Although school officials insist that teaching assistants do not replace professors, Mikael Swayze, a spokesman for the University of Toronto's teaching assistants, says these graduate and sometimes even undergraduate assistants are usually the ones who get to know students best.
“As you get larger classes, more material has to be delivered in smaller settings,” Mr. Swayze said. “A lot of the real learning happens in the labs and the tutorials.”
Students echo these sentiments, pushing Brock University to the head of the pack for the quality of its teaching assistants in the University Report Card survey. Sherbrooke and Laval followed closely behind.
“Brock is known for their seminars and good quality TAs. They are always there to answer questions, and are available most of the time outside their hours,” one student wrote in the survey. “These seminars are a good way to interacting, and making sure you understand the material learned in lecture.”
Another student said the teaching assistants at the university “improved my experience 100 per cent with their help and enthusiasm about the subjects. I'm definitely appreciative of the teaching assistants.”
In the University Report Card, students placed Carleton University last in the quality of its teaching assistants, with a few complaining that some of their teaching assistants don't speak English well.
“The main obstacle preventing Carleton from providing a great overall academic experience is the quality of teaching assistants,” one student said. “TAs, instead of acting as supplements to lectures, end up confusing us even more.”
Another respondent wrote: “I had one fantastic TA who went out of her way to be knowledgeable, assertive and courteous…on the other hand, a different TA was very abrupt, uninviting and rude at times.”
At Brock, Jill Grose, associate director of the Centre for Teaching, Learning and Educational Technologies, said the university’s teaching assistants are a diverse group, ranging from students to alumni to professionals in the community. In fact, one of the recent winners of Brock’s teaching assistant award is a retired police officer who assisted in political science.
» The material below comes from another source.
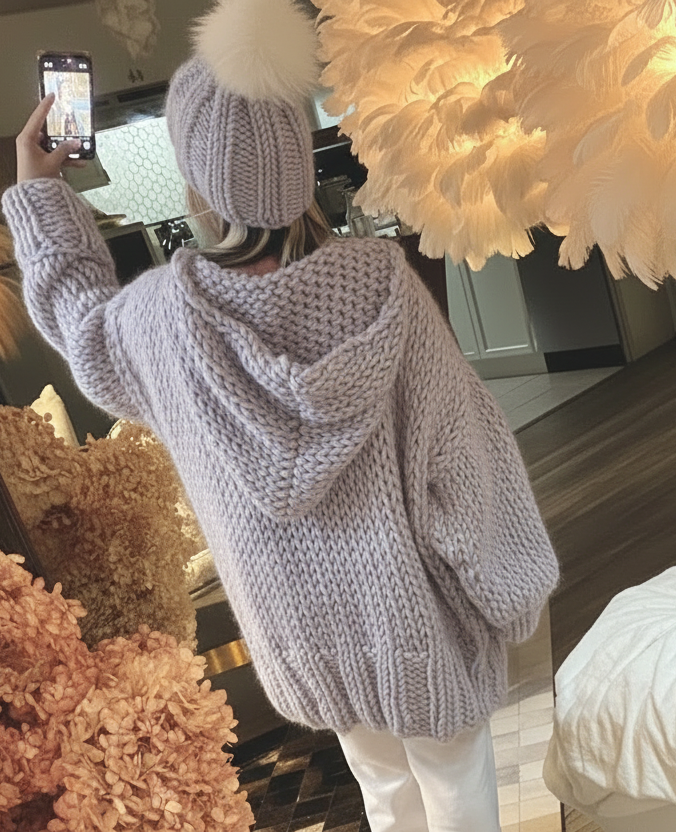 Lilac hooded chunky hand knit sweater  loose oversized soft luxurious wool sweater for women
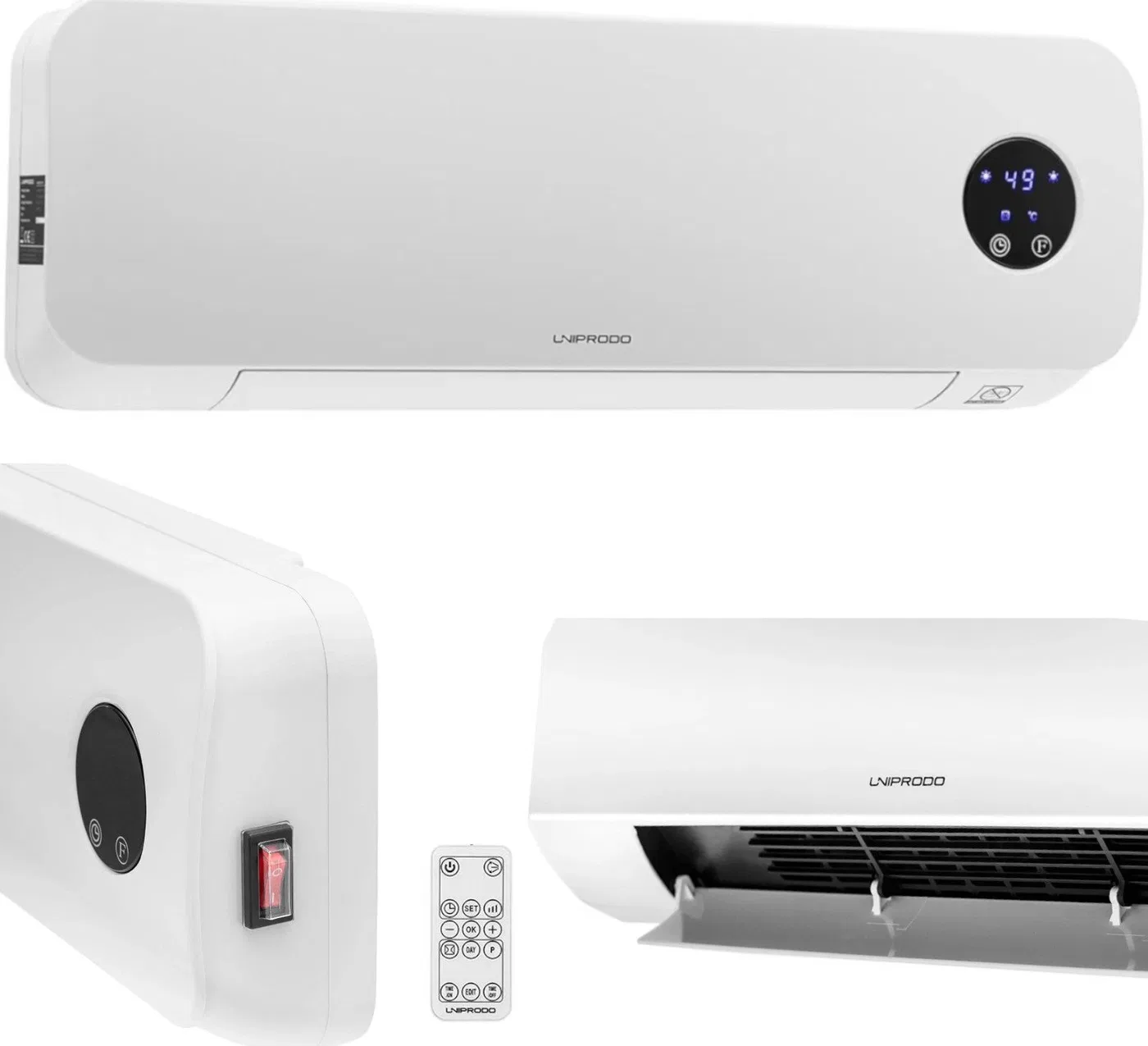 Grzejnik Uniprodo Grzejnik elektryczny ceramiczny ścienny kurtyna powietrzna z pilotem 1000/2000W Grzejnik elektryczny ceramiczn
“The TAs act as a liaison between the student and faculty,” Ms. Grose said. Like most other universities across the country, Brock has large seminars containing hundreds of students. Students then meet with a teaching assistant in smaller tutorial groups, where class sizes are capped at around 20 students.
“The [tutorial] system appeals to a lot of undergraduate students. That’s why TAs do so well,” said Ms. Grose, who is also a teaching assistant in the English department.
Jill Macdonald, 27, still remembers how nervous she was when she first walked to the front of a classroom two years ago. She was an undergraduate student at Brock, helping around 20 students in the women's studies program understand the material.
She signed up for the job because she wanted to work with professors and those who shared an interest in the program. Most teaching assistants say the job gives them a flavour of teaching life, as well as a salary to help pay their tuition.
“It's a huge amount of responsibility - just being on the other side and being responsible every week for making it interesting,” she said.
Teaching assistants at Brock earn around $15 an hour, but the salary can go as high as roughly $30 in some of the country's bigger universities.
Mr. Swayze said the high salary is well deserved because there is more pressure being put on teaching assistants. Besides grading more essays and marking exams, teaching assistants have seen tutorial groups get larger as enrolment increases.
Although some universities have added more tutorial sections instead of increasing the size of tutorial groups, Mr. Swayze said that some departments at the University of Toronto, in particular, have moved to 30-person tutorial groups.
He fears that undergraduate students are not receiving the quality education they pay for with larger tutorial groups. “Once you start moving into 30-person tutorials, the amount of learning that is being done is limited,” he said.